答案：
23.[解析]本题考查了正方形的性质、解直角三角形、全等三角形的判定和性质.
(1)解:8
(2)①证明:$\because$四边形$ABCD$是矩形,$\therefore$四个内角均为$90°$.又$AE,BE,CF,DF$分别为$\angle DAB,\angle ABC,\angle BCD,\angle ADC$的平分线,$\therefore \angle EAB = \angle EBA = 45°$,$\therefore \triangle EBA$为等腰直角三角形$\therefore AE = BE$,$\angle E = 90°$.同理,$\angle F = \angle EMF = \angle ENF = 90°$,$\therefore$四边形$MFNE$为矩形.$\because AD = BC$,$\angle AMD = \angle BNC = 90°$,$\angle DAE = \angle CBN = 45°$,$\therefore \triangle DAM \cong \triangle CBN$,$\therefore AM = BN$,$\therefore ME = NE$,$\therefore$四边形$MFNE$是正方形.
②证明:如图,连接$EF$,由①知四边形$MFNE$是正方形,$\therefore \angle EFN = 45°$.$\because CF$平分$\angle BCD$,$\therefore \angle BCF = 45°$,$\therefore \angle EFN = \angle BCF$,$\therefore EF // BC$,$\therefore \frac{EF}{BC} = \frac{EN}{BN}$.$\because \triangle EBA$和$\triangle BCN$是等腰直角三角形.$\therefore BE = \frac{\sqrt{2}}{2} AB$,$BN = \frac{\sqrt{2}}{2} BC$,$\therefore EN = BE - BN = \frac{\sqrt{2}}{2} AB - \frac{\sqrt{2}}{2} BC = \frac{\sqrt{2}}{2} (AB - BC)$,$\therefore \frac{EF}{BC} = \frac{\frac{\sqrt{2}}{2} (AB - BC)}{\frac{\sqrt{2}}{2} BC} = \frac{AB - BC}{BC}$,$\therefore EF = AB - BC$.
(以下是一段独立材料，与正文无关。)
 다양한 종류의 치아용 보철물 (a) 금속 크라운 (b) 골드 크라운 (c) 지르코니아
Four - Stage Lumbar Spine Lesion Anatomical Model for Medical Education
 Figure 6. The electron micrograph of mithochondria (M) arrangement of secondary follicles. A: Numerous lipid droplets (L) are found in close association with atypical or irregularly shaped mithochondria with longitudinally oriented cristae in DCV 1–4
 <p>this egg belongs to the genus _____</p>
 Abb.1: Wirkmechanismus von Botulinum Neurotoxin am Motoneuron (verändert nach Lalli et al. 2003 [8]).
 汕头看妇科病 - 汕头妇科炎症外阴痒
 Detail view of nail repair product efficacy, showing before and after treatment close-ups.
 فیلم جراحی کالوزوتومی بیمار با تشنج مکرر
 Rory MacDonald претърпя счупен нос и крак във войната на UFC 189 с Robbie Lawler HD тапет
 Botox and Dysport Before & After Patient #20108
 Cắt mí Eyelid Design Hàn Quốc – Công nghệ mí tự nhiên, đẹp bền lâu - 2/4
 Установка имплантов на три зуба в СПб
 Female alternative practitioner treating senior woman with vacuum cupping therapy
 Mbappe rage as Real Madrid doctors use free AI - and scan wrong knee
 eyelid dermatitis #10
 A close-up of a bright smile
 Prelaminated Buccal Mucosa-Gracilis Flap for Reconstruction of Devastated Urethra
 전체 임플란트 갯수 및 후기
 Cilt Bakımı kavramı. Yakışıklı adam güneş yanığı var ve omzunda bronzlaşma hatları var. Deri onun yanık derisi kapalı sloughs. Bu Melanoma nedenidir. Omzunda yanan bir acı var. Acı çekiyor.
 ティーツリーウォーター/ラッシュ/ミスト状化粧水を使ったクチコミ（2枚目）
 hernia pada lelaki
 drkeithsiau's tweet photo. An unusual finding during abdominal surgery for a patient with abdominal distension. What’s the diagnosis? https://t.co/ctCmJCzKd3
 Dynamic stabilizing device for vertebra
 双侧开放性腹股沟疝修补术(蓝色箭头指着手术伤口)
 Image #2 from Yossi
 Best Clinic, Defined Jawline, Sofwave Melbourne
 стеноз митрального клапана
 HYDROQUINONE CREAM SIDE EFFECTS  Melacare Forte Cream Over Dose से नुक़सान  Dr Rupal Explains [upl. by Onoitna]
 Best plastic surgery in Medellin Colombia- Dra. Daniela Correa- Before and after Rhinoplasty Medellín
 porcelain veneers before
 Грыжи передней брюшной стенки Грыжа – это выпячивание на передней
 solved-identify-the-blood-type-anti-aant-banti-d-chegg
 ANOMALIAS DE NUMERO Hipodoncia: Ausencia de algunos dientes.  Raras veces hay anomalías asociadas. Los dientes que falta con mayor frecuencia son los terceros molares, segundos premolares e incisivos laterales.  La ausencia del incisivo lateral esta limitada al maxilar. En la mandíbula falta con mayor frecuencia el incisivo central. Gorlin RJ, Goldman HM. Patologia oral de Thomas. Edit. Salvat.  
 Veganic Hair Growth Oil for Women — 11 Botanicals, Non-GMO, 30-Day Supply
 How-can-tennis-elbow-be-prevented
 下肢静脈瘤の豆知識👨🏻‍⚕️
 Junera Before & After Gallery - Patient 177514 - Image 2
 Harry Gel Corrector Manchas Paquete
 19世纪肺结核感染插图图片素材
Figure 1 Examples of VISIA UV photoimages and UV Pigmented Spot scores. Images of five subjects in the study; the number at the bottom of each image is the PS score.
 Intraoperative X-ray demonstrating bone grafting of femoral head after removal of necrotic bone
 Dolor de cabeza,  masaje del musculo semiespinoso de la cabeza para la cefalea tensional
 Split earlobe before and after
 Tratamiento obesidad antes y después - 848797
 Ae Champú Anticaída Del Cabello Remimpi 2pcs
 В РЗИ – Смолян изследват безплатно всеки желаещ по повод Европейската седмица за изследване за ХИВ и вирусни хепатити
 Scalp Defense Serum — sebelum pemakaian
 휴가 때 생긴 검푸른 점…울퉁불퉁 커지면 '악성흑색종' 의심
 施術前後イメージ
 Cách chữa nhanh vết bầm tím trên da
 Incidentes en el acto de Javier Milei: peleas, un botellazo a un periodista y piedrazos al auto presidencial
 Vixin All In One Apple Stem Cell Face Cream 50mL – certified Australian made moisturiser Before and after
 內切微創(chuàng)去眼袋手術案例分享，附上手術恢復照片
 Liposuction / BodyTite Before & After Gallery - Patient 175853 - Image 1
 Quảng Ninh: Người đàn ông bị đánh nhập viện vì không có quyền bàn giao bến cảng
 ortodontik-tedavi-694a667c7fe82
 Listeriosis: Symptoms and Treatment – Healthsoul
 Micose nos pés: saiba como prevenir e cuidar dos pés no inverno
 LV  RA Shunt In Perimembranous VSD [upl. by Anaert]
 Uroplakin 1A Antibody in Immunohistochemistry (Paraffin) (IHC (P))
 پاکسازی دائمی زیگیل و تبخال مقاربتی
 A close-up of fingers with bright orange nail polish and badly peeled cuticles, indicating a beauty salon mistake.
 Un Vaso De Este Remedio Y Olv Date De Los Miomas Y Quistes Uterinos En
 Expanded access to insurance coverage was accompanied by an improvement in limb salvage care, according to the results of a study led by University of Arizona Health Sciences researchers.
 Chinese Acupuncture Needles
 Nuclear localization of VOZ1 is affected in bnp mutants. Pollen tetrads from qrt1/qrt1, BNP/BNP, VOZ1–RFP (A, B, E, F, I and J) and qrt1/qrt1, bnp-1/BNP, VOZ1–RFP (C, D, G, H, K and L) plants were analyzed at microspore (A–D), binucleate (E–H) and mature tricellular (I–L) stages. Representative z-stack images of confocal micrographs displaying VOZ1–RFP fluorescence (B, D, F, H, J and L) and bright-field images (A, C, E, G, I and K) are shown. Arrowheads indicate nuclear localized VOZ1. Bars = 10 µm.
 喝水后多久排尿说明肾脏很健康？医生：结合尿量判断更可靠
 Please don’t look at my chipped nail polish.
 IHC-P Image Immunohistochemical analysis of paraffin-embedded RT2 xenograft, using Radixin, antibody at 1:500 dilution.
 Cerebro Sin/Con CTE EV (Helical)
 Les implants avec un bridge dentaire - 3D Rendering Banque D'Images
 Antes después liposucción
(3)解:四边形$ABCD$是平行四边形.理由如下:$\because$四边形$EMFN$是矩形,$\therefore \angle E = 90°$,$\therefore \angle EAB + \angle EBA = 90°$.$\because \angle EMF = 90°$,$\therefore \angle DMA = 90°$.$\therefore \angle MAD + \angle MDA = 90°$.$\because AE$平分$\angle DAB$,$\therefore \angle EAB = \angle MAD$.$\because \angle EBA = \angle MDA$.$\because DF,BE$分别平分$\angle ADC,\angle ABC$,$\therefore \angle ADC = \angle ABC$.同理可证$\angle DAB = \angle DCB$,$\therefore \angle DAB + \angle ABC = \angle ADC + \angle DCB$.$\because \angle DAB + \angle ABC + \angle ADC + \angle DCB = 360°$,$\therefore \angle DAB + \angle ABC = 180°$,$\therefore AD // BC$.同理可证$DC // AB$,$\therefore$四边形$ABCD$是平行四边形.